There are few foods in life more satisfying than a hot pizza pie with a crisp, hearty crust, topped with gooey cheese and delicious, meaty toppings. When I met my husband, he was living the single high-life in a bachelor pad in Toronto. After late nights at work, he was almost single-handedly being sustained by pizza meals from the local pizza shop under his condominium building. I’m not talking about him eating pizza two or three days a week — he was literally eating pizza every night largely because that was the only shop that was open where he could grab a quick slice or two after getting home at late hours after work. Between his pizza-dominated meals (and the occasional handout meals from generous couples in neighbouring condos and a friend’s mother’s frozen chicken pot pies), he became quite fond of eating pizza. 3 years later, amazingly, he still loves pizza pies today as much as he did then. The only difference now is that instead of eating fast-food type pizza from the local shop, he now enjoys restaurant-quality pizza baked at home — by yours truly — on a pizza stone. The high-bake temperature of the stone caramelises the natural sugars in the dough and produces all sorts of lovely natural flavours and a crispy crust reminiscent of restaurant-style pizzas baked in wood burning ovens.
I’ve been using my pizza stone for years and cannot fathom the possibility of ever returning to baking pizzas on plain old pizza pans or baking sheets. I feel that it is my moral imperative to convert the population at large from using baking sheets to making authentic pizza-parlour quality pizzas at home on a nifty little pizza stone. I’ve managed to convince a few friends already, as well as my brother-in-law and I am successfully converting my sisters one by one! Pizza stones don’t require much care but there a few cardinal rules (listed below) that need to be followed when using a pizza stone to ensure that they last for years to come.
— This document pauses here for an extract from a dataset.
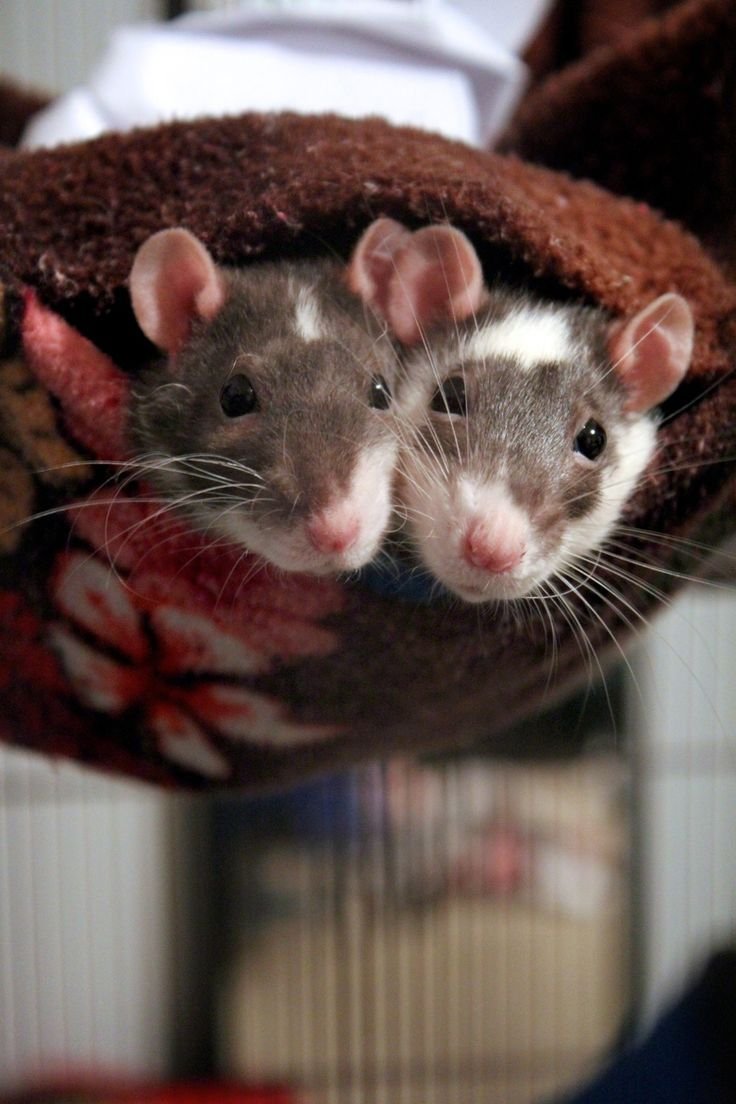 Крыса песочного цвета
This particular barbeque chicken pizza is one that my sister and brother-in-law treated us to at a fabulous Italian restaurant in Michigan on our last visit to their home. We loved it so much that we just had to recreate it at home! It’s the perfect marriage of barbeque chicken and a perfectly stone-baked pizza pie!
Pizza stones range in price from $10 all the way up to $70. I can tell you from experience that you don’t require an expensive stone to produce superior quality pizza. The stone I currently use is one that I picked up from a local housewares store called Benix and retails for less than $14.
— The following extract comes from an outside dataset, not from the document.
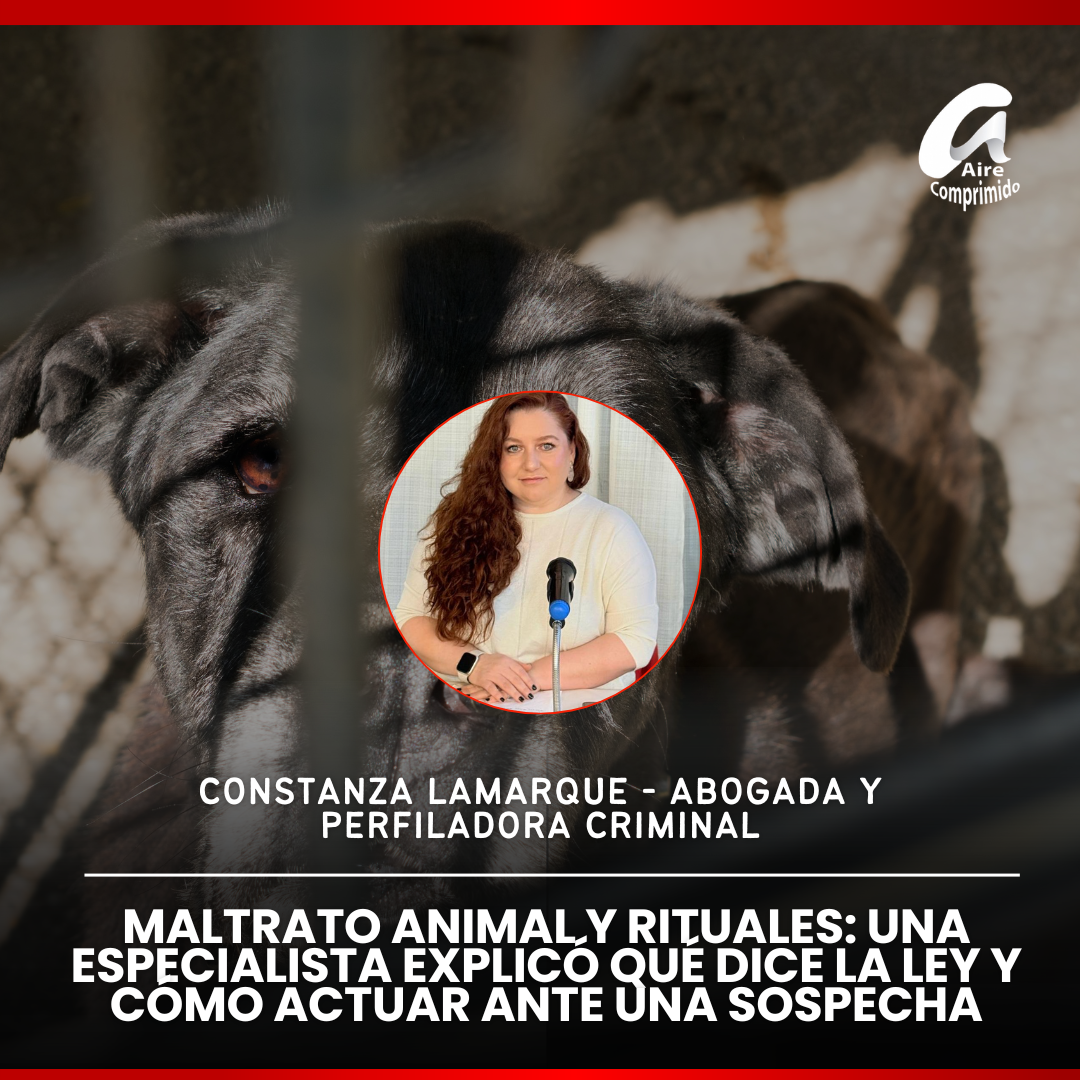 Maltrato animal y rituales: una especialista explicó qué dice la ley y cómo actuar ante una sospecha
A pizza peel (also referred to as a pizza paddle) is a tool used to slide pizza (as well as loaves of bread and other baked goods) into and out of an oven. It is usually made of wood, bamboo or even stainless steel (with a wooden handle) with a flat carrying surface, similar to a shovel’s blade, for holding the pizza. There is a handle extending from one side of that surface which allows you to reach far into the oven without burning your hands. Wooden pizza peels should never be submerged in water but rather cleaned with a paper towel dampened with plain water (never with soap). When you purchase a pizza peel, ensure that the front edge is tapered (thinner) to ensure that you can remove the pizza from the stone with ease. The stainless steel variety of pizza peel, while quite durable, is less preferred, in my humble opinion, to wood, for the reason that if you are frequently taking it in and out of the oven, it does not become hot enough to burn your hands like metal can if the surface is accidentally touched. Surprisingly, pizza peels can be as expensive as pizza stones, but if you shop around, you should be able to find one that retails for less than $20. This particular one that I own was given to me by my sister who purchased it in Hershey, Pennsylvania (presumably to thank me for introducing her to pizza-stone pizza)!
What is a Pizza Stone? A pizza stone is a piece of ceramic used to evenly distribute oven heat to pizzas or other baked goods. The stone essentially mimics the effect of cooking a pizza in a masonry (stone or brick) oven. The brick ovens, used in pizza parlours, reach 800°F whereas modern home ovens usually don’t heat above 550°F. Adding a pizza stone to your home oven will heat the stone to over 750°F and can yield the same mouth-watering crispy crust that you love at your favourite pizza place, in your own home. The stone is porous in nature which allows it to extract moisture from the pizza, resulting in a crisp crust. Often, people use large terra cotta tiles which are unglazed, from their local hardware shop, as a substitute for a commercially-produced pizza stone. Terra cotta tiles are inexpensive and are easily replaced should they crack. However, make sure that you don’t use a glazed tile as they contain lead, which is very hazardous to your health. The use of pizza stones is not restricted to pizzas: you can bake French bread, bagels, and many other types of bread on them.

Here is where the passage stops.